On the way back to my hotel I stopped in at a pharmacy and -- again with my best pouty face -- told the lady behind the counter about having a cold, to which she replied: "I'm sorry... Welcome to Poland!" I had no hope of figuring out what was what on the shelf, so asked if she could recommend something. Seconds later she had a package of Sudafed in her hand which I said that would do nicely and paid my tab. As I was leaving she called after me and said, "I hope you feel better soon!" How nice is that?
When I got back to my room, two ladies were in the process of making it up. When they saw my "bags o' fluids" and took a look at me, they immediately got the picture. They proceeded to inspect what I bought, give their approval, check my forehead for fever, turn up the radiator, get an extra blanket for my bed and generally make a fuss. One of them went on at length -- in Polish -- with what must have been her version of cold therapy instructions, playing charades that were pretty obviously along the lines of "Drink all of this, sleep all day, stay warm, etc." At one point I swear she said the word "hospital" and I assured her that was unnecessary. They really went out of their way for me and couldn't have been more attentive.

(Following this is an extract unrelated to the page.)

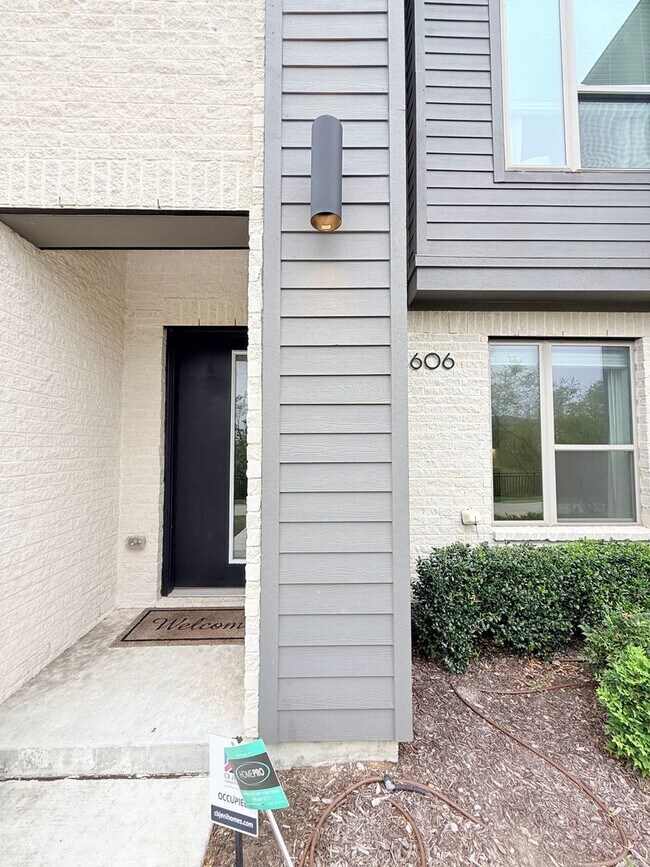 Foto del edificio - AVAILABLE NOW -Stunning 3-Bedroom Townhome Overlooking Greenbelt in Plano ISD 600 Collier Drive
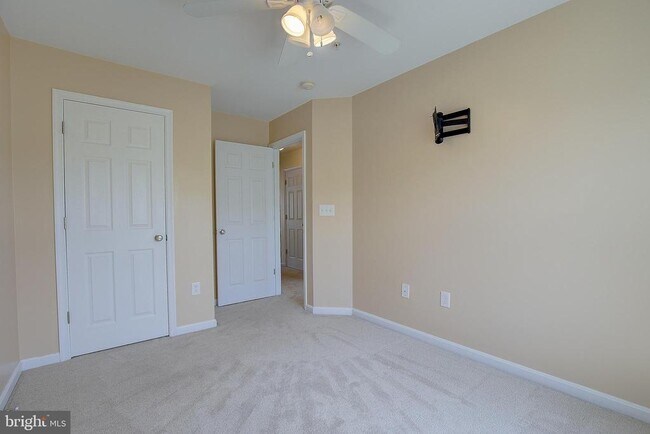 Building Photo - 105 Polo Way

Finally, because I had scheduled with Elke and Gustavo -- my friends from the "Gdansk Gang" who also happen to be here in Krakow -- to get together for dinner tonight, I called them to say I was sick and ask about rescheduling. Elke, bless her heart, said "I'm so sorry! Of course we can reschedule. If you need anything, anything at all, don't hesitate to call. We're only a twenty minute walk from where you are." Do I need to say more?
So, there you have it, a whole different kind of "universal health care." It seems like there's something different everyday that illustrates the kindness of strangers and the goodwill of all people. Even a "sick day" is full of insights on The Voyage.